By Ed Martin, The Leader Editor
This unsightly pipe has kept one of two dog parks closed while city officials and Quad Knopf, the city's engineering firm, decide how to fix it.
This unsightly pipe has kept one of two dog parks closed while city officials and Quad Knopf, the city's engineering firm, decide how to fix it.

A change in the design and construction of an underground drainage pipe in the Kings Lions Park at Highway 198 and 19th Avenue is at the crux of an unsightly 3 to 4-foot drainage pipe emerging from the ground at the east end of the park, where two dog parks are located.

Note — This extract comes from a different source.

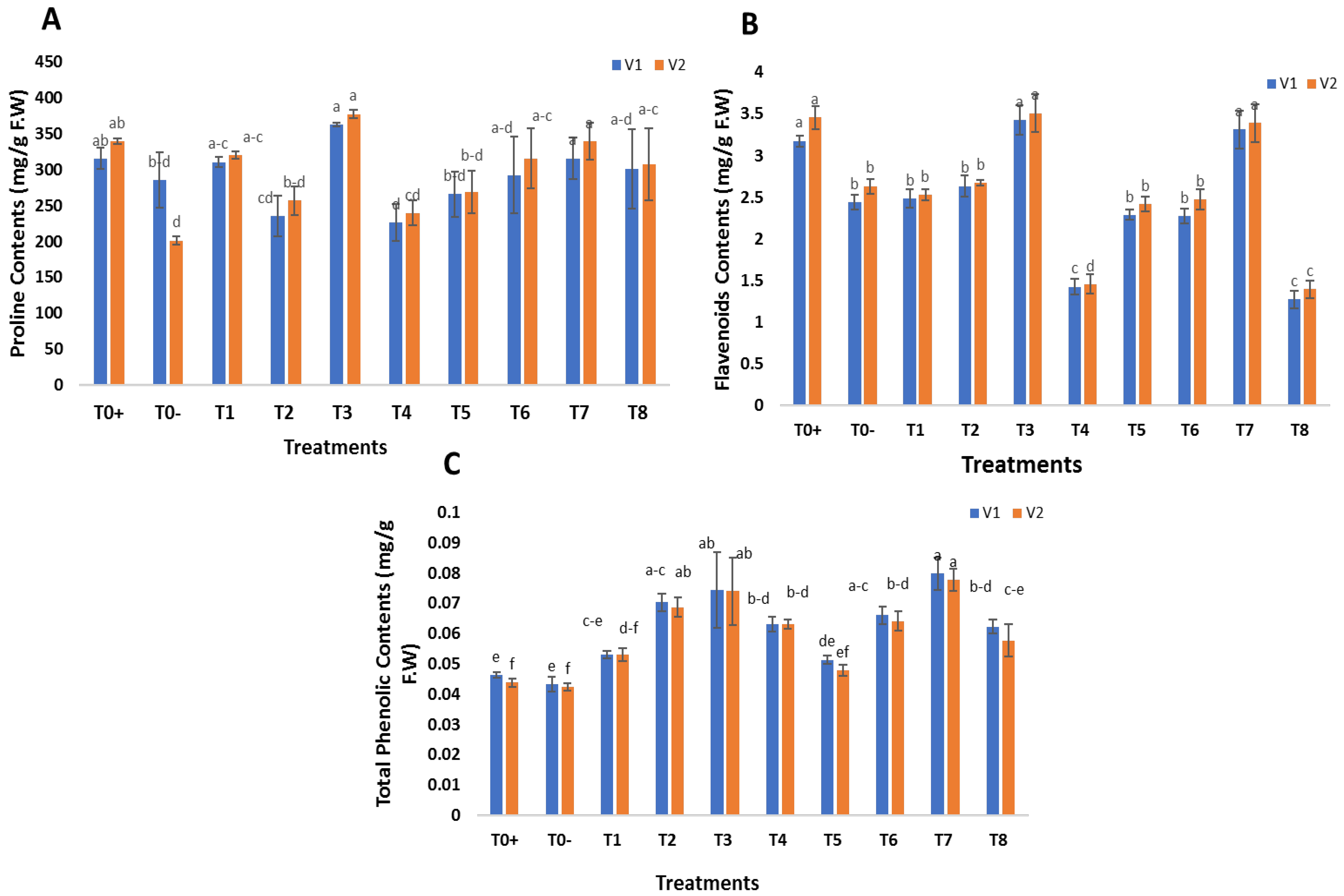 Molecules 27 08149 g008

The large pipe was built originally when the park was renovated following the construction of the 19th Avenue overpass. The park was completely remodeled and now hosts a parking lot, bathrooms, two ball fields and two dog parks, separate spaces for large and small dogs. The exposed pipe, clearly visible above the grassy area, is in the middle of the small dog park, and it has been closed for several months while city officials and its civil engineers, from the Visalia engineering firm, Quad Knopf, decided what to do to fix it.

According to Lemoore Public Works Director Nathan Olson, who is relatively new to the public works’ position, the pipe was originally meant to be constructed out of concrete, but somewhere along the line somebody, whether the city or Quad Knopf, may have changed it to plastic.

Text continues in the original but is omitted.